Re: Is there Unicode mail out there?

From: Gaute B Strokkenes (gs234@cam.ac.uk)
Date: Sat Jul 14 2001 - 21:01:10 EDT


On Sat, 14 Jul 2001, dstarner98@aasaa.ofe.org wrote:
>> > How about just supporting these: ISO646-PT, ISO10646-UTF-1,
>> > NATS-SEFI and HP-DeskTop?
>>
>> I'm not sure what you're trying to say here. Assuming these are
>> properly registered charsets, it seems like a very narrow range to
>> support.
>
> Maybe "supporting at least these" would have been a better
> phrasing. They're all valid and registered MIME-charsets. Do you
> know of a single mailer that supports all 4?

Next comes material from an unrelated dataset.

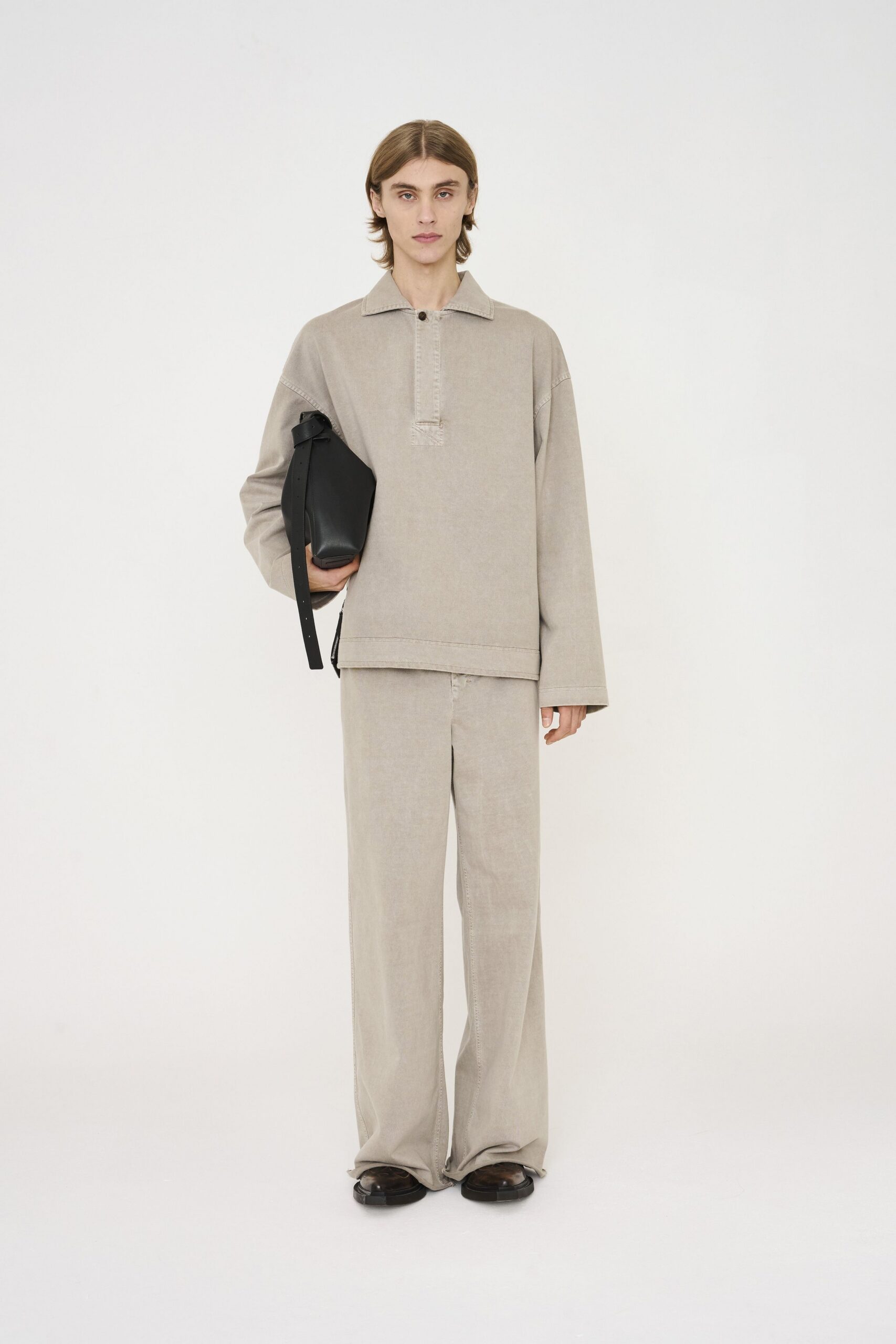 beige relaxed top and pants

OK, I get your point. There are a lot of obscure charsets out there,
and it's probably not necessary to make sure that mail clients
understand all of them since a lot of these have no precedent for use
in email. Nevertheless, there are a number of charsets--ISO-8859-1,
ISO-8859-2, KOI8-R, Shift_JIS and so on--that have widespread
precedent for use in email, and are de-facto standards for email in
certain languages. It would be extremely foolish to implement a mail
client that understands UTF-8 but not these.

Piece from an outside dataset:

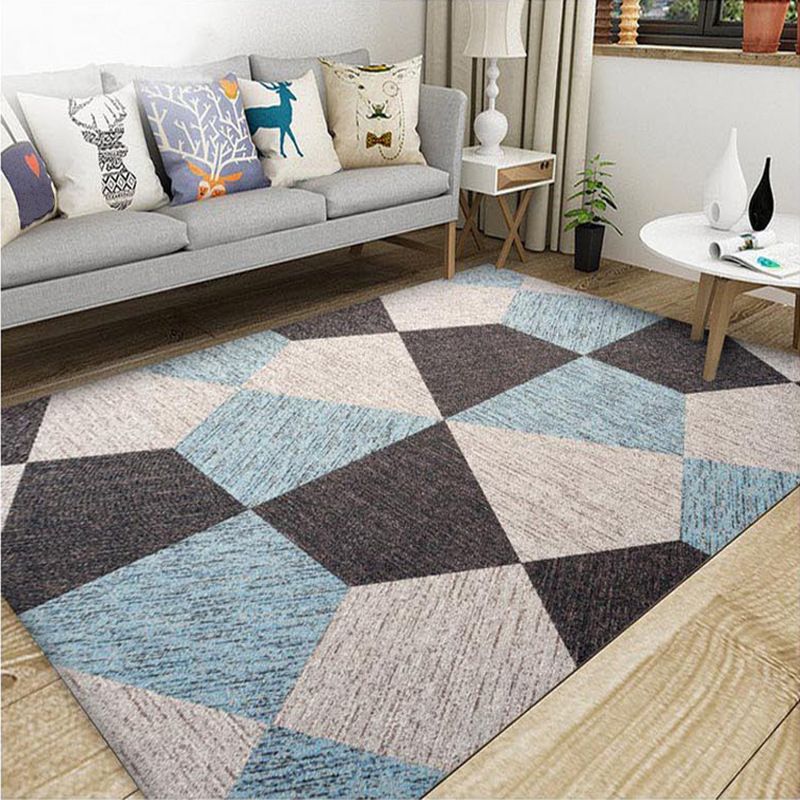Funky Living Room Carpet Contrast Panel Geometric Area Rug Polyester Carpet with Non-Slip Backing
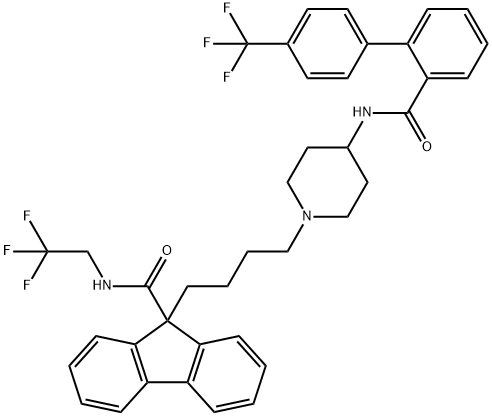 N-(2,2,2-Trifluoroethyl)-9-(4-[4-[4'-(trifluoromethyl)[1,1'-biphenyl]-2-carboxamido]piperidin-1-yl]butyl)-9H-fluorene-9-carboxamide Structure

>> If we all had to upgrade our software to do so, I think a lot of
>> people just wouldn't bother.
>
> You're claiming on one hand that everyone's mailer should handle all
> sorts of charsets, and on the other using one that doesn't support
> the only charset that is RFC-mandated for a working mail program to
> support.

I'm sorry, but you're mixing things up a bit. Keep in mind that in
general there is a difference between what processes implementing
Internet protocols should generate and what they are required to
accept. One of the principles that the Internet is founded on is to
"be liberal in what you accept, and conservative in what you produce".

> (Yes, a mailer that doesn't handle UTF-8 violates the appropriate
> RFCs.)

Chapter and verse, please? The only document I could find that puts
forth such a requirement is the one at:

  http://www.imc.org/mail-i18n.html

which is not a RFC. Other than that, there is RFC 2277; however this
only states that protocols must make it possible to exchange textual
data using UTF-8; it doesn't make it mandatory to understand UTF-8.

RFC 2049 only states that US-ASCII must be understood, and the same
for the ISO-8859-X charsets, except that you're not required to be
able to display the non-ASCII characters they contain. There's no
mention of UTF-8.

If you have any better references, please provide them. (I do not
claim to have encyclopedic knowledge off the subject.)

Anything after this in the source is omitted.